## Requirement
Write each record again exactly as it stands.

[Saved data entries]
/---

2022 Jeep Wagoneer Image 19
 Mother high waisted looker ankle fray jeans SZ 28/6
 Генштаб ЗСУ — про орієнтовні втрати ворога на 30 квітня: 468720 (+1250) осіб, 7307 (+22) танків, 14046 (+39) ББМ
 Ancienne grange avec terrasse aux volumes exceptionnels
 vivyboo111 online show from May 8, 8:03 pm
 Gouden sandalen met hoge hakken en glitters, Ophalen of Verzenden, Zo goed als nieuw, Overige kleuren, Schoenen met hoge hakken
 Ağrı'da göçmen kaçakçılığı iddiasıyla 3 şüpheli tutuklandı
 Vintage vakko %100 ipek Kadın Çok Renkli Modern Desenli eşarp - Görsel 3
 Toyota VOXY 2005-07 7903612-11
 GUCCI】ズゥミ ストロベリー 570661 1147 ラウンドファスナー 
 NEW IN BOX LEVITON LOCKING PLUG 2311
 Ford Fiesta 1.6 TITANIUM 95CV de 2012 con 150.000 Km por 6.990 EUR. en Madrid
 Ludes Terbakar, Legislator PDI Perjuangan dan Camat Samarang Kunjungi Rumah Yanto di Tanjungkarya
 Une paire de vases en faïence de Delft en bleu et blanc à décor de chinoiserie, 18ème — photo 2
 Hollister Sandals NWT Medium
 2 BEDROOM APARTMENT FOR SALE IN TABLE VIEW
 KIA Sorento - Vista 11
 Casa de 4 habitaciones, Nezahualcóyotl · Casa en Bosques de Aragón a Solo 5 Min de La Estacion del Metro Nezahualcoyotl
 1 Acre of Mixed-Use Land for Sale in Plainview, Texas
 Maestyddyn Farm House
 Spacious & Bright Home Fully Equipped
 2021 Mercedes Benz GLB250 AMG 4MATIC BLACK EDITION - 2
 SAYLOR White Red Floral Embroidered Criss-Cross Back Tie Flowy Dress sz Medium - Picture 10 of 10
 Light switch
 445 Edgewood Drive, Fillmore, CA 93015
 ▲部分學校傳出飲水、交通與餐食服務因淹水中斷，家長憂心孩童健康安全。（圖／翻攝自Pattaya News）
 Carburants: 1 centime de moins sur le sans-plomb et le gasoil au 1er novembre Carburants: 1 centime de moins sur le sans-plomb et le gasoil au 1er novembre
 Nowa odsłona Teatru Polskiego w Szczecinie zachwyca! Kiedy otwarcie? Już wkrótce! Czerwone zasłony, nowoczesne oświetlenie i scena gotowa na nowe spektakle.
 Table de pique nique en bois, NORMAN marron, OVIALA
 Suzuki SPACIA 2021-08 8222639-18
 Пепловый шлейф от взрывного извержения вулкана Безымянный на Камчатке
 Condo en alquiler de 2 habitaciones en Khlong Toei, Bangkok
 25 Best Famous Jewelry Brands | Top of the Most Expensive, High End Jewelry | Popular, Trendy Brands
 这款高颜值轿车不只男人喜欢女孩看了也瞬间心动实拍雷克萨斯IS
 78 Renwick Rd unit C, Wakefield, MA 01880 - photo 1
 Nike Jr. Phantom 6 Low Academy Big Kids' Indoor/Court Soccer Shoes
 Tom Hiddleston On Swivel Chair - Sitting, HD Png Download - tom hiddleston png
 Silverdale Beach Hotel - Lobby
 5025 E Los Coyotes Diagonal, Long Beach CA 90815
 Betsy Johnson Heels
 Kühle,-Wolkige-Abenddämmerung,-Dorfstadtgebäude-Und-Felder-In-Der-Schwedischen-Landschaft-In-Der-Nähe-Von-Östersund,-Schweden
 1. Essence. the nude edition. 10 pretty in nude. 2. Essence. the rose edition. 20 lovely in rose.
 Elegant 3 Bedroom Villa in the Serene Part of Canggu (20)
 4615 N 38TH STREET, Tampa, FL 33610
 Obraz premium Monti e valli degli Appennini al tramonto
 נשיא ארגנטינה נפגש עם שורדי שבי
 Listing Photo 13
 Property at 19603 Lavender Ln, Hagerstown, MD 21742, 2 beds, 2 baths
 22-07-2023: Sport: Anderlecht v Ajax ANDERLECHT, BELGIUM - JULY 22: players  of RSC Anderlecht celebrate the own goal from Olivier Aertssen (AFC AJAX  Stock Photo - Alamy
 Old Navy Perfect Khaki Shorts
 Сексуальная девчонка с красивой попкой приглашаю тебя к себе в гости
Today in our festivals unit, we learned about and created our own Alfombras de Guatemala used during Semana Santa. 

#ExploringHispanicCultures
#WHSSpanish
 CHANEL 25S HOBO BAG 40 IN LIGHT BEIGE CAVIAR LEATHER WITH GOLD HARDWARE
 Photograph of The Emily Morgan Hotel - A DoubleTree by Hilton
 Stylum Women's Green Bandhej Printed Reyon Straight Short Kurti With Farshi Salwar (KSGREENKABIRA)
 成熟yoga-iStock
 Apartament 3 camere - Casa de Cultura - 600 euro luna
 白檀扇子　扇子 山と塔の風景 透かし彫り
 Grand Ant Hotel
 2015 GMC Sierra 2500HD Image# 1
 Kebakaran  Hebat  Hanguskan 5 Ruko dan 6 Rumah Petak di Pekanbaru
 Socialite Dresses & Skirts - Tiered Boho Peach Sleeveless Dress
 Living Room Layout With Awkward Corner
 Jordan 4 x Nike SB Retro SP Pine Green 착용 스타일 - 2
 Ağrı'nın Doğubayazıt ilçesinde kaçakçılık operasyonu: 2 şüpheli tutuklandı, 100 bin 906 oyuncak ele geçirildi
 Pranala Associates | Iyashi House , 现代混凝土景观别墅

\---

## Exercise response
2022 Jeep Wagoneer Image 19
 Mother high waisted looker ankle fray jeans SZ 28/6
 Генштаб ЗСУ — про орієнтовні втрати ворога на 30 квітня: 468720 (+1250) осіб, 7307 (+22) танків, 14046 (+39) ББМ
 Ancienne grange avec terrasse aux volumes exceptionnels
 vivyboo111 online show from May 8, 8:03 pm
 Gouden sandalen met hoge hakken en glitters, Ophalen of Verzenden, Zo goed als nieuw, Overige kleuren, Schoenen met hoge hakken
 Ağrı'da göçmen kaçakçılığı iddiasıyla 3 şüpheli tutuklandı
 Vintage vakko %100 ipek Kadın Çok Renkli Modern Desenli eşarp - Görsel 3
 Toyota VOXY 2005-07 7903612-11
 GUCCI】ズゥミ ストロベリー 570661 1147 ラウンドファスナー 
 NEW IN BOX LEVITON LOCKING PLUG 2311
 Ford Fiesta 1.6 TITANIUM 95CV de 2012 con 150.000 Km por 6.990 EUR. en Madrid
 Ludes Terbakar, Legislator PDI Perjuangan dan Camat Samarang Kunjungi Rumah Yanto di Tanjungkarya
 Une paire de vases en faïence de Delft en bleu et blanc à décor de chinoiserie, 18ème — photo 2
 Hollister Sandals NWT Medium
 2 BEDROOM APARTMENT FOR SALE IN TABLE VIEW
 KIA Sorento - Vista 11
 Casa de 4 habitaciones, Nezahualcóyotl · Casa en Bosques de Aragón a Solo 5 Min de La Estacion del Metro Nezahualcoyotl
 1 Acre of Mixed-Use Land for Sale in Plainview, Texas
 Maestyddyn Farm House
 Spacious & Bright Home Fully Equipped
 2021 Mercedes Benz GLB250 AMG 4MATIC BLACK EDITION - 2
 SAYLOR White Red Floral Embroidered Criss-Cross Back Tie Flowy Dress sz Medium - Picture 10 of 10
 Light switch
 445 Edgewood Drive, Fillmore, CA 93015
 ▲部分學校傳出飲水、交通與餐食服務因淹水中斷，家長憂心孩童健康安全。（圖／翻攝自Pattaya News）
 Carburants: 1 centime de moins sur le sans-plomb et le gasoil au 1er novembre Carburants: 1 centime de moins sur le sans-plomb et le gasoil au 1er novembre
 Nowa odsłona Teatru Polskiego w Szczecinie zachwyca! Kiedy otwarcie? Już wkrótce! Czerwone zasłony, nowoczesne oświetlenie i scena gotowa na nowe spektakle.
 Table de pique nique en bois, NORMAN marron, OVIALA
 Suzuki SPACIA 2021-08 8222639-18
 Пепловый шлейф от взрывного извержения вулкана Безымянный на Камчатке
 Condo en alquiler de 2 habitaciones en Khlong Toei, Bangkok
 25 Best Famous Jewelry Brands | Top of the Most Expensive, High End Jewelry | Popular, Trendy Brands
 这款高颜值轿车不只男人喜欢女孩看了也瞬间心动实拍雷克萨斯IS
 78 Renwick Rd unit C, Wakefield, MA 01880 - photo 1
 Nike Jr. Phantom 6 Low Academy Big Kids' Indoor/Court Soccer Shoes
 Tom Hiddleston On Swivel Chair - Sitting, HD Png Download - tom hiddleston png
 Silverdale Beach Hotel - Lobby
 5025 E Los Coyotes Diagonal, Long Beach CA 90815
 Betsy Johnson Heels
 Kühle,-Wolkige-Abenddämmerung,-Dorfstadtgebäude-Und-Felder-In-Der-Schwedischen-Landschaft-In-Der-Nähe-Von-Östersund,-Schweden
 1. Essence. the nude edition. 10 pretty in nude. 2. Essence. the rose edition. 20 lovely in rose.
 Elegant 3 Bedroom Villa in the Serene Part of Canggu (20)
 4615 N 38TH STREET, Tampa, FL 33610
 Obraz premium Monti e valli degli Appennini al tramonto
 נשיא ארגנטינה נפגש עם שורדי שבי
 Listing Photo 13
 Property at 19603 Lavender Ln, Hagerstown, MD 21742, 2 beds, 2 baths
 22-07-2023: Sport: Anderlecht v Ajax ANDERLECHT, BELGIUM - JULY 22: players  of RSC Anderlecht celebrate the own goal from Olivier Aertssen (AFC AJAX  Stock Photo - Alamy
 Old Navy Perfect Khaki Shorts
 Сексуальная девчонка с красивой попкой приглашаю тебя к себе в гости
Today in our festivals unit, we learned about and created our own Alfombras de Guatemala used during Semana Santa. 

#ExploringHispanicCultures
#WHSSpanish
 CHANEL 25S HOBO BAG 40 IN LIGHT BEIGE CAVIAR LEATHER WITH GOLD HARDWARE
 Photograph of The Emily Morgan Hotel - A DoubleTree by Hilton
 Stylum Women's Green Bandhej Printed Reyon Straight Short Kurti With Farshi Salwar (KSGREENKABIRA)
 成熟yoga-iStock
 Apartament 3 camere - Casa de Cultura - 600 euro luna
 白檀扇子　扇子 山と塔の風景 透かし彫り
 Grand Ant Hotel
 2015 GMC Sierra 2500HD Image# 1
 Kebakaran  Hebat  Hanguskan 5 Ruko dan 6 Rumah Petak di Pekanbaru
 Socialite Dresses & Skirts - Tiered Boho Peach Sleeveless Dress
 Living Room Layout With Awkward Corner
 Jordan 4 x Nike SB Retro SP Pine Green 착용 스타일 - 2
 Ağrı'nın Doğubayazıt ilçesinde kaçakçılık operasyonu: 2 şüpheli tutuklandı, 100 bin 906 oyuncak ele geçirildi
 Pranala Associates | Iyashi House , 现代混凝土景观别墅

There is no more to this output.